The author has addressed most of the feedback from the first review, which is commendable. However, there are still a few points that need attention. For instance, the author acknowledges in the conclusion that there is no significant difference between males and females, yet the title of the article suggests a sex-specific focus. Given that the observed differences are more related to age and brain region rather than sex, the title may not accurately reflect the content.

We thank the reviewer for the suggestion; however, we would like to clarify that the current title does not suggest that sex differences were found, but rather that both age- and sex-related expressions were analyzed. We believe that the absence of significant sex differences should not justify removing "sex" from the title. Doing so could misrepresent the comprehensive scope of our analysis. Additionally, retaining "sex" in the title is important for ensuring accurate searchability and visibility in scientific databases, particularly for those specifically seeking sex-related studies.

Additionally, as previously mentioned, there might be a connection between memory cells and SR1 expression, particularly since SR1 expression decreases with age in a manner similar to memory cell changes. The author should consider discussing this potential link in the article.

We appreciate the reviewer’s suggestion and have now discussed the correlation between the age-dependent reduction of S1R expression and cognitive impairment in the discussion’s section, lines # 615-619.

Reviewer 2 Report

Comments and Suggestions for Authors

The question 2 was based on the obvious bias between one sample from two others. A more detailed discussion or explain may need to be added.

"The sample size of each age stage is 3 male and 3 female. According to different results across the whole study, there are obvious individual bias and long error bars for both male and female in juvenile mice through R1 expression to signal intensity. It would not be convincible to me when there are only 3 samples that with such obvious unstable results within a group. Can you please explain this in more detail? Or maybe add more samples for the experiment."

Author Response

Round 2

Question 2 was based on the obvious bias between one sample from two others. A more detailed discussion or explain may need to be added.

"The sample size of each age stage is 3 male and 3 female. According to different results across the whole study, there are obvious individual bias and long error bars for both male and female in juvenile mice through R1 expression to signal intensity. It would not be convincible to me when there are only 3 samples that with such obvious unstable results within a group. Can you please explain this in more detail? Or maybe add more samples for the experiment."

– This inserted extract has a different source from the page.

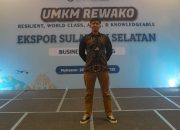 Tampilkan Rumput Laut Grade A, PT Mega Ultra Ekspor Wakili Luwu di Ajang Rewako Ekspor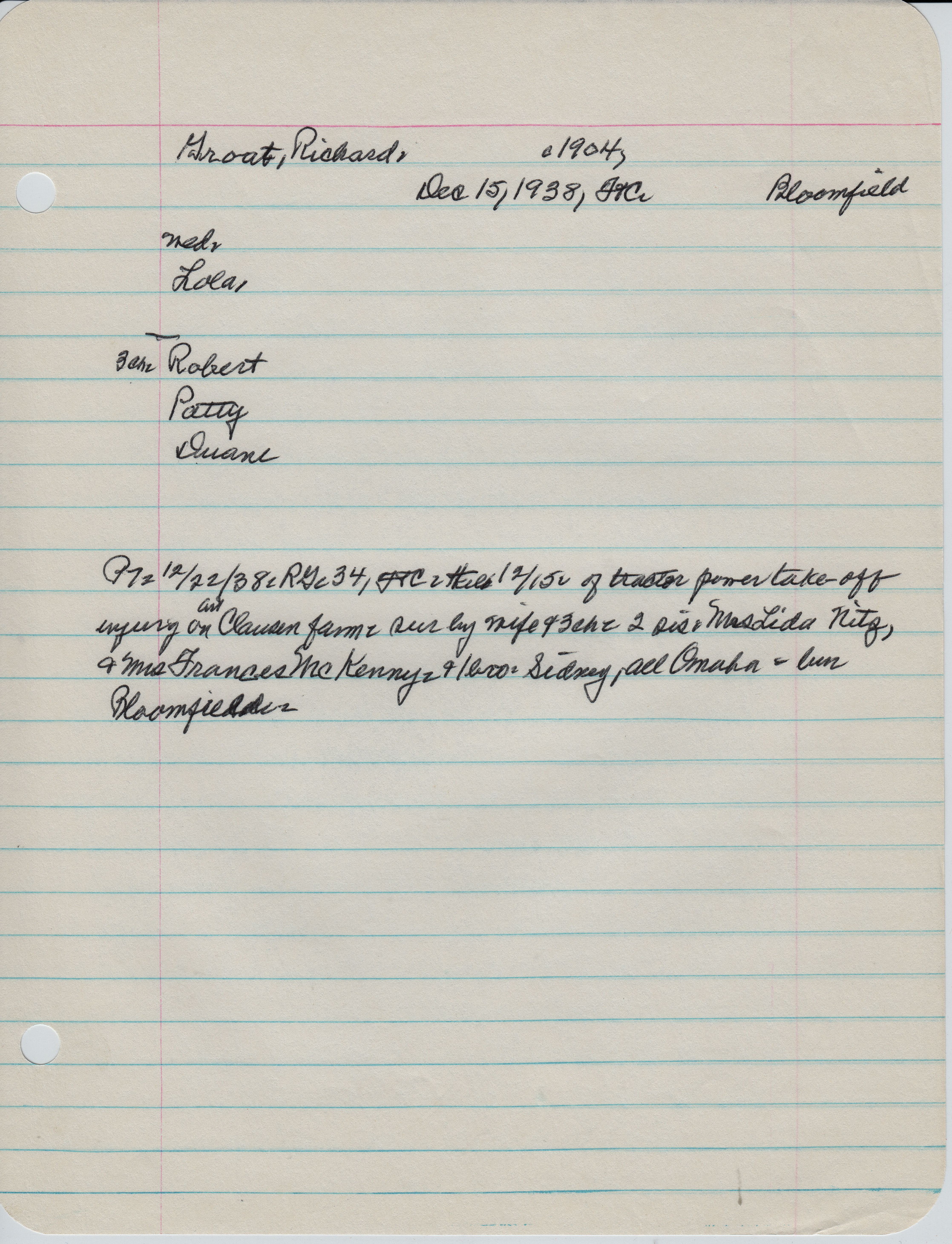 Groat, Richard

As mentioned previously, we appreciate the reviewer’s suggestion regarding increasing the sample size. While we agree that expanding the number of biological replicates could be beneficial, doing so rigorously across all groups would require substantial additional time and resources. As mentioned in the methods, lines #221-223, all three biological replicates were analyzed in three technical replicates for IHC analysis. Given that our current data already demonstrate clear and statistically significant differences, we believe that further replication would be unlikely to enhance or change the overall conclusions of the study. However, we now included an explanation regarding the variability observed in the discussion section, lines #551-556.

 

Reviewer 3 Report

Comments and Suggestions for Authors

The author addressed all my concerns!

Author Response

Round 2

The author addressed all my concerns!

We thank the reviewer for the time spent on the revision of our manuscript.